Single Table CTGAN Demo

Path: examples/demos/01_single_table_ctgan

Goal

Train a CTGAN on a single table with mixed types (numerical, categorical) and generate synthetic data.

Run

python examples/demos/01_single_table_ctgan/run.py

Source Code

from pathlib import Path
import argparse
import numpy as np
import pandas as pd

from syntho_hive.interface.config import Metadata
from syntho_hive.core.models.ctgan import CTGAN


def build_training_data(num_rows: int = 600) -> pd.DataFrame:
    """Create a small, mixed-type table to keep the demo self contained."""
    rng = np.random.default_rng(42)
    cities = ["NYC", "SF", "SEA", "CHI", "DAL", "MIA"]
    channels = ["web", "retail", "partner"]

    df = pd.DataFrame(
        {
            "customer_id": np.arange(1, num_rows + 1),
            "age": rng.integers(18, 75, size=num_rows),
            "annual_spend": rng.normal(55000, 15000, size=num_rows).clip(5000, 150000).round(2),
            "city": rng.choice(cities, p=[0.28, 0.22, 0.18, 0.14, 0.1, 0.08], size=num_rows),
            "signup_channel": rng.choice(channels, p=[0.6, 0.3, 0.1], size=num_rows),
            "loyalty_score": rng.uniform(0, 1, size=num_rows).round(4),
        }
    )
    return df


def configure_metadata() -> Metadata:
    """Tell SynthoHive which columns are structural (PK) vs. modeled."""
    meta = Metadata()
    meta.add_table(
        name="customers",
        pk="customer_id",
        pii_cols=["customer_id"],
        high_cardinality_cols=["city"],
    )
    return meta


def main():
    parser = argparse.ArgumentParser(description="Train a CTGAN on a single table.")
    parser.add_argument("--epochs", type=int, default=5, help="Training epochs for the GAN.")
    parser.add_argument("--rows", type=int, default=200, help="Number of synthetic rows to generate.")
    parser.add_argument(
        "--output-dir",
        default="examples/demos/01_single_table_ctgan/outputs",
        help="Directory where outputs will be written.",
    )
    args = parser.parse_args()

    output_dir = Path(args.output_dir)
    output_dir.mkdir(parents=True, exist_ok=True)

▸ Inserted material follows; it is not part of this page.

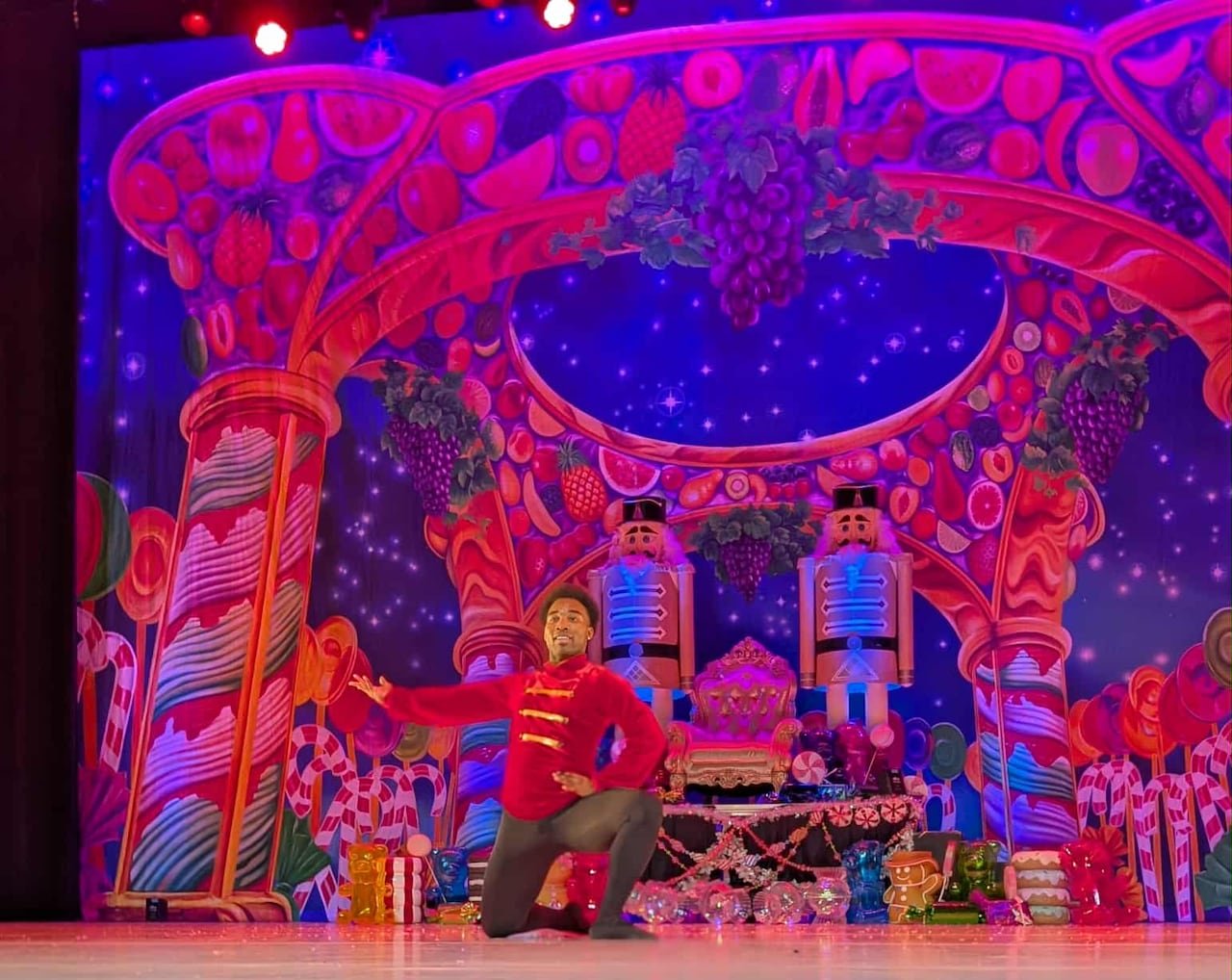 Male ballet dancer doing pose in front of The Nutcracker set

    print("Building training data...")
    train_df = build_training_data()
    meta = configure_metadata()

    print("Fitting CTGAN (small config for demo speed)...")
    model = CTGAN(
        meta,
        batch_size=128,
        epochs=args.epochs,
        embedding_dim=64,
        generator_dim=(128, 128),
        discriminator_dim=(128, 128),
        device="cpu",
    )
    model.fit(train_df, table_name="customers")

    print(f"Sampling {args.rows} synthetic rows...")
    synthetic_df = model.sample(args.rows)
    synthetic_df.insert(0, "customer_id", range(1, len(synthetic_df) + 1))

    output_path = output_dir / "synthetic_customers.csv"
    synthetic_df.to_csv(output_path, index=False)
    print(f"Wrote synthetic data to {output_path}")
    print(synthetic_df.head())


if __name__ == "__main__":
    main()

Outputs

  • outputs/synthetic_customers.csv

Notes

  • Demonstrates basic usage of CTGAN and Metadata.